Tax resolution experts have the experience and software to evaluate the merits of a case and determine whether the IRS is likely to accept an OIC. They understand the eligibility criteria of tax relief programs and don’t have their clients go through the time and effort of applying unless they have a good chance of acceptance. That is why leading tax relief companies have an acceptance rate for offers in compromise of more than 90%; the IRS’ average acceptance rate (FY 2021) is only 30.75% (source).
Potential benefit is greatest for those who owe the most
If you owe a lot of money to the IRS, it can help to have a tax relief company on your side. The best tax relief companies have tax lawyers and enrolled agents on staff, provide a money-back guarantee, and charge competitive rates. Check out which tax relief company is the best fit for you.
How does the United States tax system compare to other countries?

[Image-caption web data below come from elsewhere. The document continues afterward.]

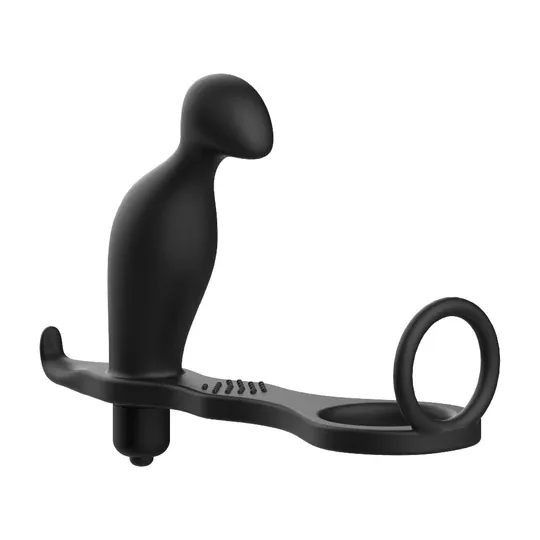 Plug anal vibrant avec anneau en silicone noir Addicted Toys - stimulateur anal pour hommes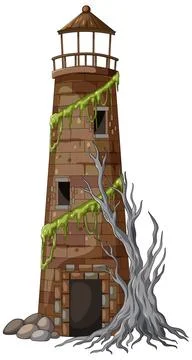 Abandoned Brick Lighthouse with Dead Tree and Moss Stock Illustration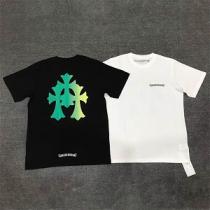 CHROME HEARTSクロムハーツ個性的なブランドTシャツコピー 非常に良い身なり効果 蛍光緑色のパターン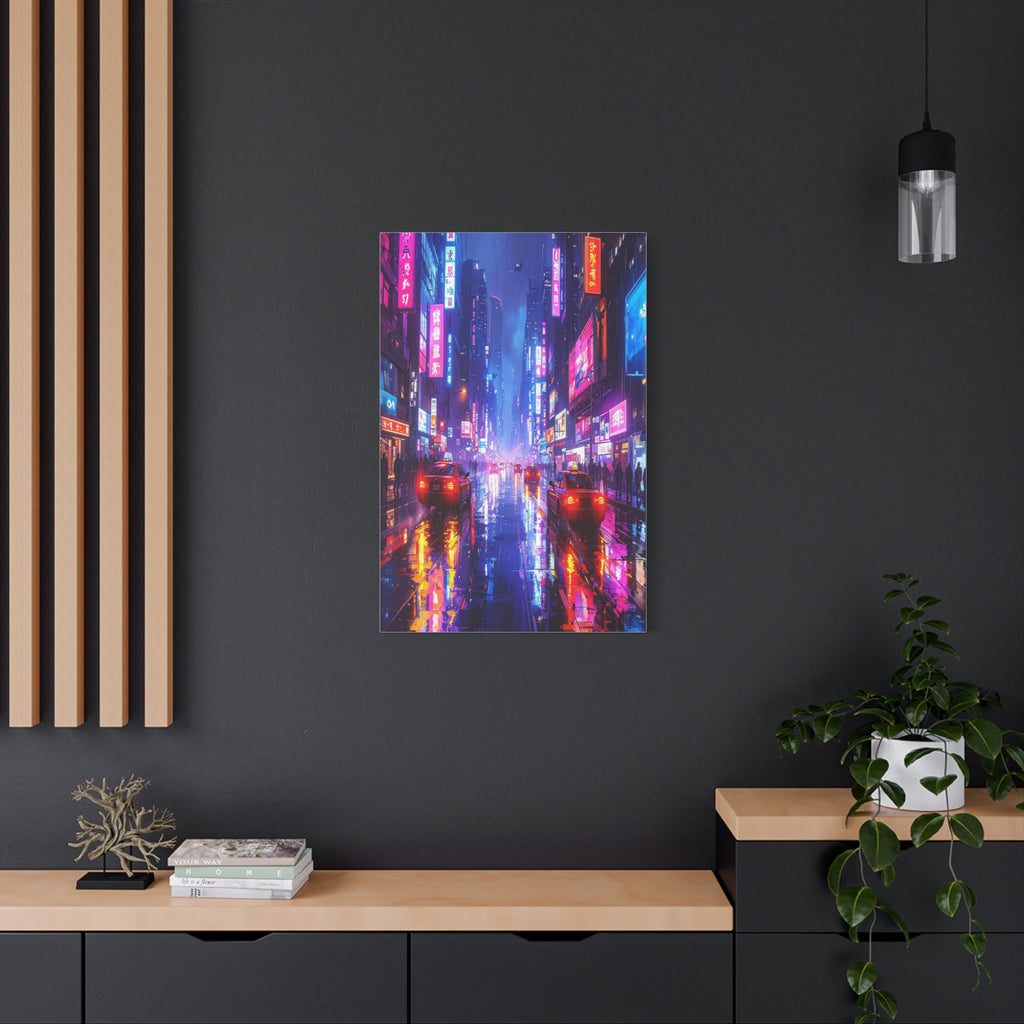 Neon Dystopia: Cyberpunk Metropolis, Urban Night Reflections - L’Art Suprême Canvas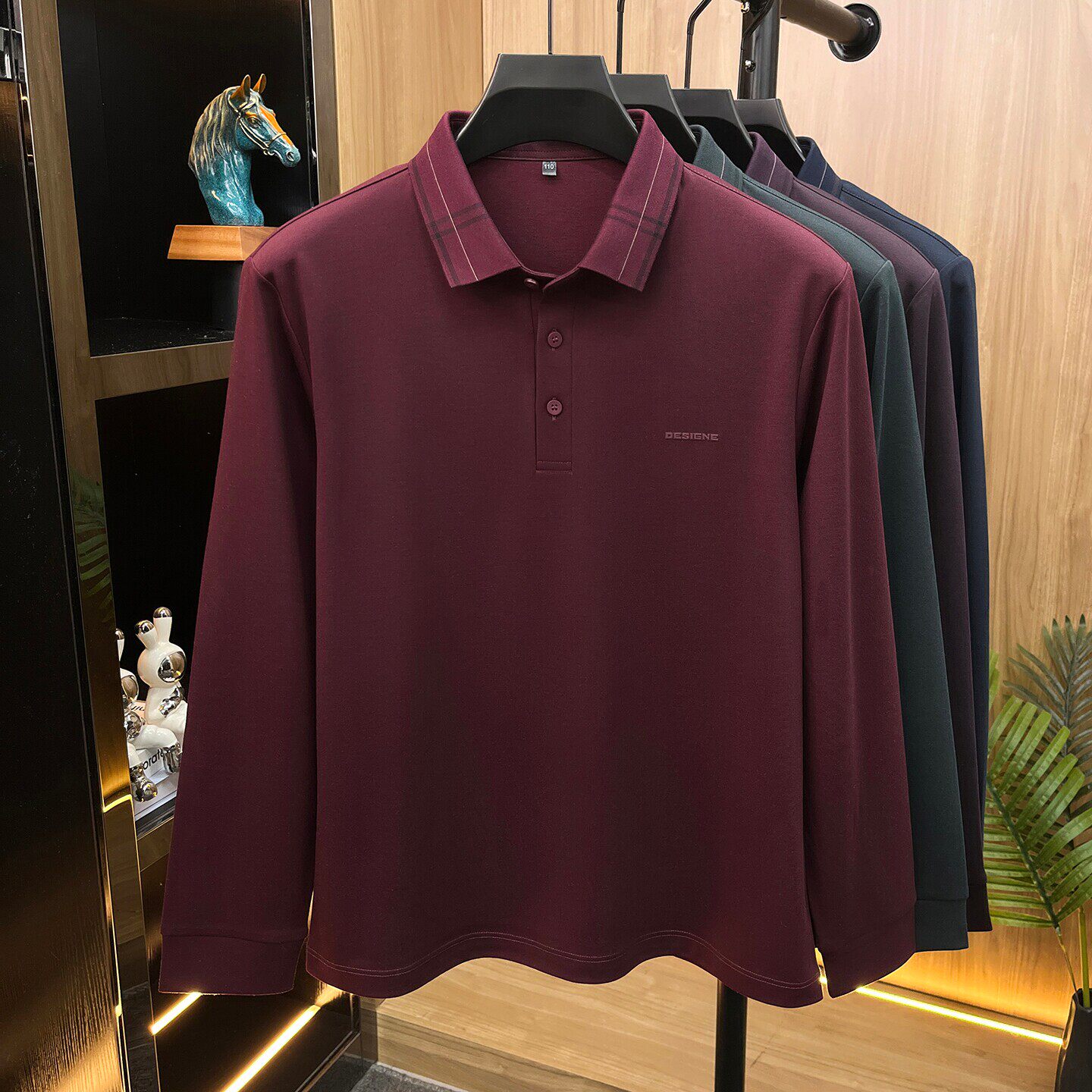 Autumn new long sleeve t-shirt for men burgundy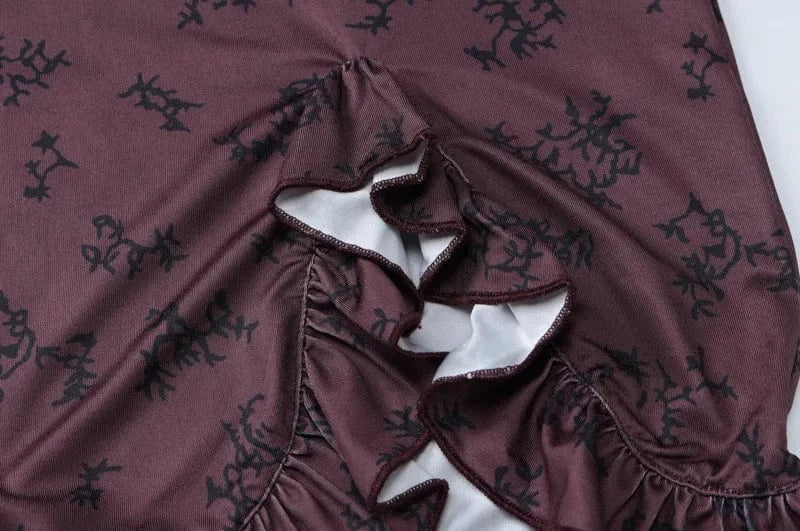 Lygens 6079 Floral Print Halter Lace Up Slit Ruffles Short Dresses Summer Elegant Evening Party Casual Clothes Casual Outfit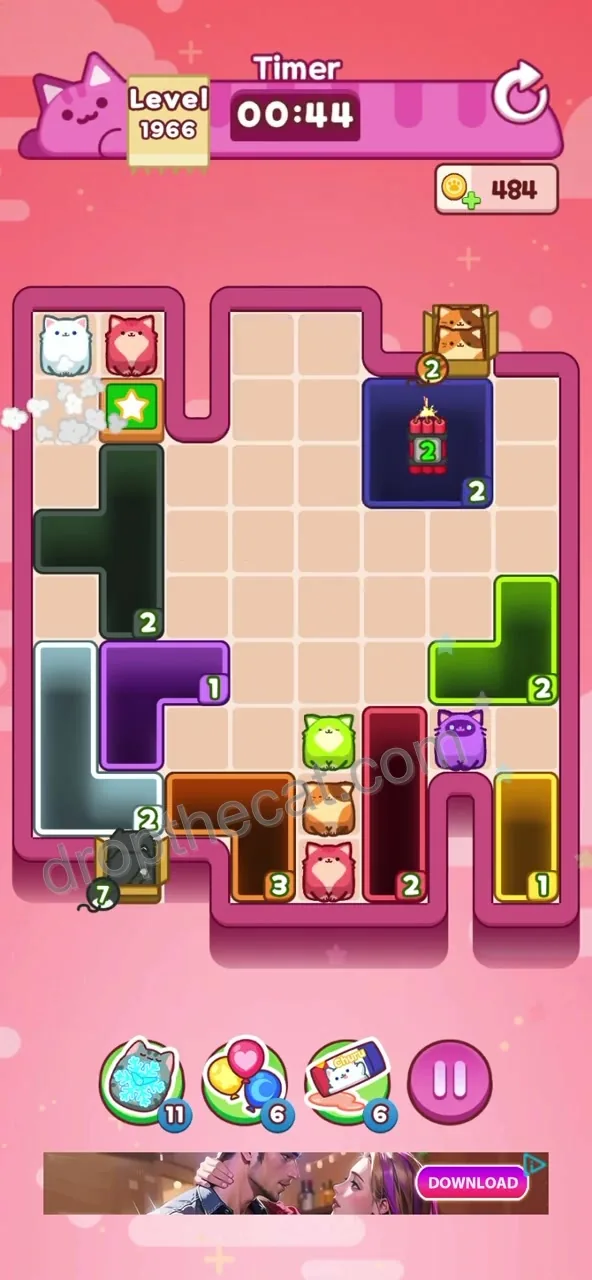 Drop The Cat Level 1966 step 4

The United States first experimented with an income in 1861. At that time, Congress, to pay Civil War expenses, imposed a 3% tax on income over $800. This law, as modified, was repealed in 1872, but arguments for and against income taxes, and occasional passage of them, continued. In 1913, the 16th amendment to the U.S. Constitution secured the legal status of a national income tax. Ironically, it was opponents of such a tax who proposed the amendment, hoping its failure would end repeated income tax bills. But the amendment was ratified. Under the first income tax authorized by this amendment, less than 1% of Americans paid income tax. And those who paid had to surrender only 1% of their net income. (Source.)
Today, of course, both these percentages are much higher. Though this doesn’t sit well with all Americans, fewer than in the past think the percentages are too high. A 2016 Gallup survey found that 57% of Americans thought the federal income tax was too high. But a 2021 Gallup survey found that only 50% of Americans still think their taxes are too high. Even more, 55%, now think their taxes are fair. Still, 50–55% approval better indicates mixed feelings than a mandate.
The good news: other nations tax more
Comparison of the United States with other advanced nations may fuel this ambivalence. Simply put, income taxes in the United States are not especially high when compared to other developed countries. And when it comes to the burden of all taxes combined, the U.S. compares even more favorably to such nations.
According to the Organisation for Economic Co-Operation and Development (OECD), U.S. personal income taxes as a percentage of gross domestic product (GDP) in 2020 were 10.4%. This is above the average for all OECD nations (8.3%), but well below the personal income tax burden of, say, Denmark (25.5%).
Though personal income taxes are most relevant to the tax relief industry and this study, they are not the best measure of the overall tax burden of government on a country. For that, total tax revenue as a percentage of GDP is more pertinent. The OECD indicates that, on this measure, the U.S. ranks well below the OECD average (33.6%). Only six countries — Turkey, Costa Rica, Ireland, Chile, Colombia, and Mexico — had lower 2020 rates than the United States.
Additional good news: early tax rates were not as low as they seem
Wolters Kluwer provides a helpful overview of the top U.S. tax rates since 1913. From 1913 to 1964, the top income tax rate, such as the 1% pointed out earlier, was only part of the actual rate paid by top taxpayers. Those taxpayers also had to pay an added “surtax.” This made for higher top rates from the beginning. (Source.) Here is a visual depiction of Wolters Kluwer’s figures:
The bad news: U.S. taxes confuse many
The bad news is the U.S. tax system is also incredibly complex and difficult to navigate.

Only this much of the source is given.